# Seagate introduces radical new product, sounds delicious



## Exelion (Apr 1, 2014)

http://app.messages.seagate.com/e/es?s=261&e=304820&elq=35ad4a43ddd141e6a568d623ce442fce


----------



## drmike (Apr 1, 2014)

Bacon drives from Seagate?

Sounds right, their drives have best been described as FRIED for years now.


----------



## MartinD (Apr 1, 2014)

Can't say I have any problems with them at all these days.


----------



## drmike (Apr 1, 2014)

Count your blessings @MartinD.

I don't buy Seagate anymore (have former colleagues who are Seagate employees or were).... Always liked their stuff, but I've had multiple fails of barely used drives bearing their label in past 2 years...  Nothing enterprise or fancy,  SATA desktop drives 2 or 3 and another 2 USB models (3.5 inchers).

Whole consolidation of brands in drive area concerns me.


----------



## MartinD (Apr 1, 2014)

I used to swear by WD's but after so many failing in me I've switched to using Seagates. Not a single failure as yet which is a bonus. Just don't like the crap with SMART on these drives.


----------



## HalfEatenPie (Apr 1, 2014)

I like how the low salt picture just has a giant pile of salt right next to it.


----------



## drmike (Apr 1, 2014)

MartinD said:


> I used to swear by WD's but after so many failing in me I've switched to using Seagates. Not a single failure as yet which is a bonus.
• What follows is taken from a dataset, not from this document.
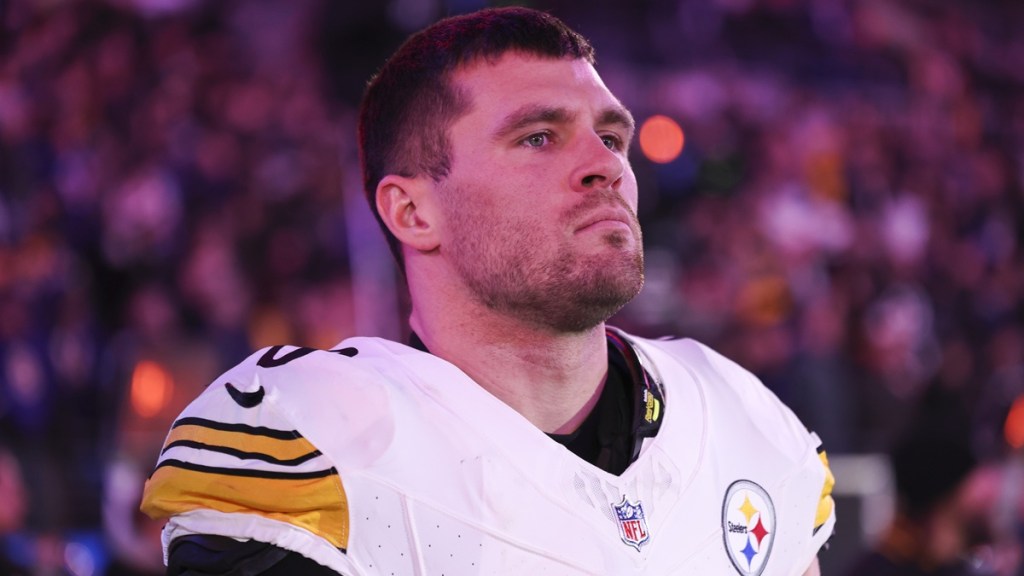 TJ Watt's Contract Negotiations Holdup With Steelers Could Lead to Trade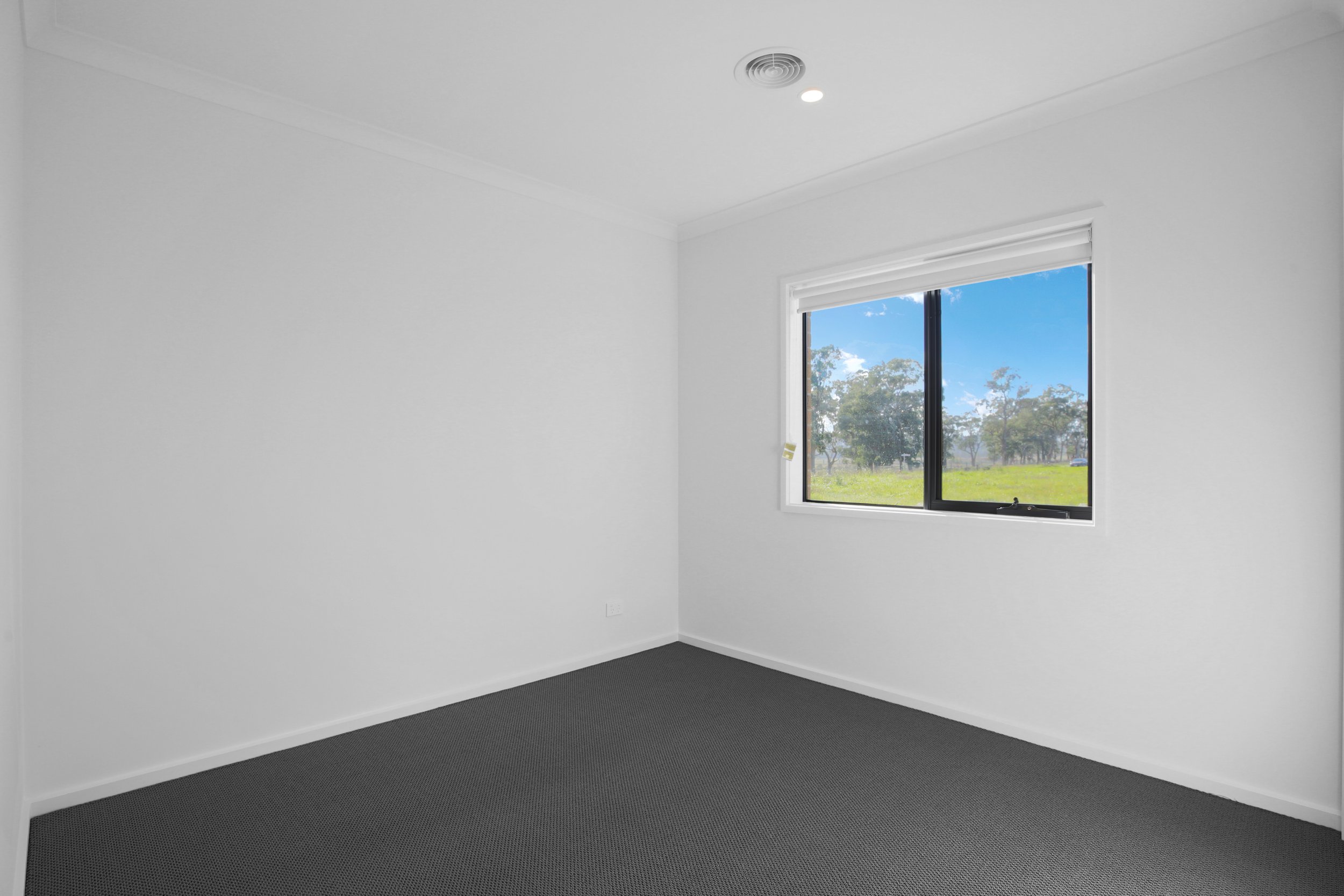 33 Freeman Circuit, Newborough - 7.jpg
Just don't like the crap with SMART on these drives.


Funny, a few years back I was all WD drives and then high fail rates happened....

Lack o' options....  Liking Samsung for general purpose and SSD and RE4's for servers --- lately.


----------



## MartinD (Apr 2, 2014)

Was the RE4's i had issues with lol. When you're paying a premium for the drives you expect them to set. I'm now paying half as much and getting more reliable drives. It's crazy.


----------



## lowesthost (Apr 4, 2014)

ALL I can say is MMMM Bacon



> Funny, a few years back I was all WD drives and then high fail rates happened


Same depends on the type of drive. We have had very good results with Seagate SAS drives  SATA not so much.


----------



## Magiobiwan (Apr 5, 2014)

I personally have had more trouble with WD than Seagate.


----------



## javaj (Apr 5, 2014)

I have switched back and forth over the years, I used to swear by seagate, then I had a couple drives that sounded like a drawer full of marbles, they ran fine, just noisy which annoyed the hell out of me using them in my pc. So I switched to WD and used those for a few years, then had a couple of falure's years back with the blue 20GB drives, just one after the other so I switched back to seagate. Then decided to go with a pair of WD blacks a few years ago, I don't think either of those made it over a year before they were both paperweights.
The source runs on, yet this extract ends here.